Passemos agora à segunda aplicação do "valor constituído", e de outras proporcionalidades cujo único defeito é de serem pouco proporcionadas; e vejamos se o sr. Proudhon é aí mais feliz do que namonetização dos carneiros.
"Um axioma geralmente admitido pelos economistas é o de que todo trabalho deve deixar um excedente. Esta proposição é para mim de uma verdade universal e absoluta: é o corolário da lei da proporcionalidade, que se pode considerar como o sumário de toda a ciência econômica. Mas, peço perdão aos economistas, o princípio de que todo trabalho deve deixar um excedente não tem sentido na sua teoria, e não é suscetível de nenhuma demonstração" (Proudhon).
Para provar que todo trabalho deve deixar um excedente, o sr. Proudhon personifica a sociedade: ele cria uma sociedade-pessoa, sociedade que não é, bem longe disso, a sociedade das pessoas, pois que tem suas leis à parte nada tendo de comum com as pessoas de que se compõe a sociedade, assim como sua "inteligência própria", que não é a inteligência comum dos homens, mas uma inteligência que não é dotada do senso comum. O sr. Proudhon reprova aos economistas o não terem compreendido a personalidade deste ser coletivo. Queremos opor-lhe a seguinte passagem de um economista americano que reprova nos outros economistas precisamente o contrário:
"A entidade moral (the moral entity), o ser gramatical (the grammatical being) chamado sociedade foi revestido de atribuições que não têm existência real senão na imaginação daqueles que com uma palavra fazem uma cousa... Eis o que deu lugar a muitas dificuldades e a deploráveis enganos na economia política " (Th. Cooper, Lectures on the Elements of Political Economy, Columbia, 1826).
"Este princípio do excedente do trabalho, continua o sr. Proudhon, não é verdadeiro para os indivíduos senão porque ele emana da sociedade, que lhes confere assim o benefício de suas próprias leis."
O sr. Proudhon quererá dizer com isso simplesmente que a produção do indivíduo social ultrapassa a do indivíduo isolado? É deste excedente da produção dos indivíduos associados sobre a dos indivíduos não associados que o sr. Proudhon quer falar? Se for assim, poderemos citar-lhe cem economistas que exprimiram esta simples verdade sem todo o misticismo de que se cerca o sr.
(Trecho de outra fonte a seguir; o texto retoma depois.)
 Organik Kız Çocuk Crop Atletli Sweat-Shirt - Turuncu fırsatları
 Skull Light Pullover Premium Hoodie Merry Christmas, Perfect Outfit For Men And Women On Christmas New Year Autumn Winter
Proudhon. Eis o que diz, por exemplo, o sr. Sadler:
"O trabalho combinado apresenta resultados que o trabalho individual jamais seria capaz de produzir. Assim, à medida que a humanidade aumenta em número, os produtos da indústria reunida excederão de muito a importância de uma simples adição calculada sobre este aumento... Tanto nas artes mecânicas como nos trabalhos da ciência, um homem pode atualmente fazer mais num dia que um indivíduo isolado durante toda a sua vida. O axioma dos matemáticos, segundo o qual o todo é igual às partes reunidas, não é verdadeiro quando aplicado a este assunto. Quanto ao trabalho, este grande pilar da existência humana (the great pillar of human existence), pode-se dizer que o produto dos esforços acumulados excede de muito tudo aquilo que os esforços individuais e separados poderão jamais produzir " (T. Sadler, The law of popvtr lation, London, 1830).
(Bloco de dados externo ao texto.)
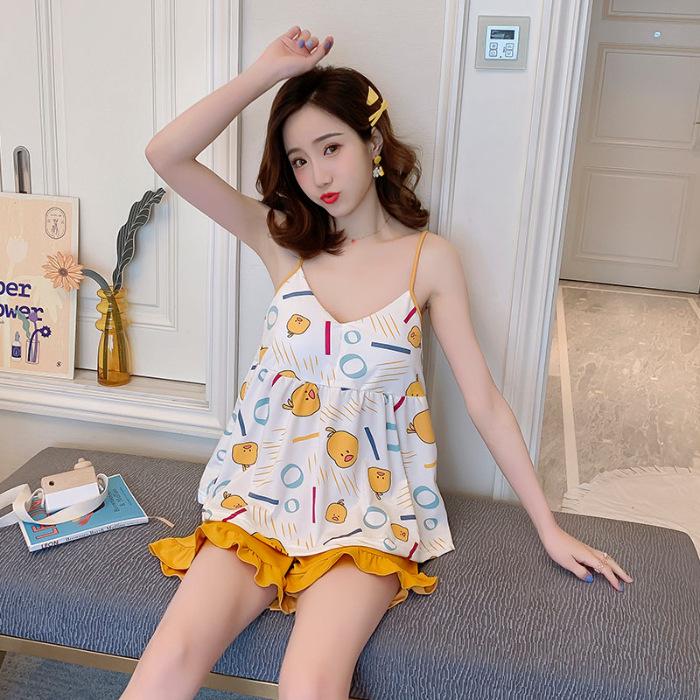 Ladies' Summer Padded Pajama Set: Bow & Suspenders Shorts, Casual Sports Style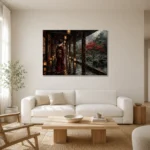 Crimson & Smoky Gray Lantern Corridor Japanese Geisha Art Canvas Print styled in a refined neutral interior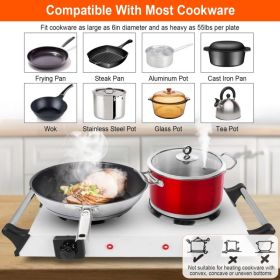 Portable Dual Burner Electric Stove - 2000W Power, 5 Temperature Levels, 5.5in Coils, Fast Even Cooking, Fits Flat Cookware, Ideal for Apartments (Option: White)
Voltemos ao sr. Proudhon. O excedente do trabalho, diz ele, explica-se pela sociedade-pessoa. A vida desta pessoa segue leis opostas às que fazem o homem agir como indivíduo, cousa que ele quer provar com"fatos".
"A descoberta de um processo econômico não pode jamais dar ao inventor um lucro igual ao que proporciona à sociedade... Já se notou que as empresas ferroviárias são uma fonte de riqueza menor para os que as exploram do que para o Estado... O preço médio do transporte das mercadorias em veículos de tração animal é de 18 cêntimos por tonelada e por quilômetro, sendo as mercadorias carregadas e descarregadas nos armazéns. Calculou-se que por este preço uma empresa ferroviária comum não obteria senão 10% de lucro líquido, resultado aproximadamente igual ao de uma empresa de transporte de tração animal. Mas admitamos que a celeridade do transporte por estrada de ferro esteja para a de tração animal como 4 está para 1: como na sociedade o tempo é o próprio valor, com igualdade de preço a estrada de ferro apresentará sobre a tração animal uma vantagem de 400%. Contudo, esta vantagem enorme, muito real para a sociedade, está bem longe de se realizar na mesma proporção para a empresa que explora a tração animal, pois, enquanto proporciona à sociedade uma melhor-valia de 400%, não retira, a empresa, 10%. Com efeito, suponhamos, para tornar a cousa ainda mais sensível, que a empresa ferroviária eleve suas tarifas para 25 cêntimos, o da empresa de tração animal permanecendo em 18: a primeira perderá imediatamente todas as suas consignações. Expedidores, destinatários, toda gente voltará à "malbrouke", à carroça, se for preciso. A locomotiva será abandonada: uma vantagem social de 400% será sacrificada a uma perda de 35%. A razão disso é fácil de descobrir: a vantagem que resulta da rapidez da estrada de ferro é inteiramente social, e cada indivíduo dela não participa senão numa proporção mínima (não nos esqueçamos de que não se trata neste momento senão dos transportes de mercadorias), enquanto que a perda atinge direta e pessoalmente o consumidor. Um benefício social igual a 400 representa para o indivíduo, numa sociedade de somente um milhão de homens, quatro décimos de milésimo; enquanto que uma perda de 33% para o consumidor suporia um "déficit" social de 33 milhões" (Proudhon).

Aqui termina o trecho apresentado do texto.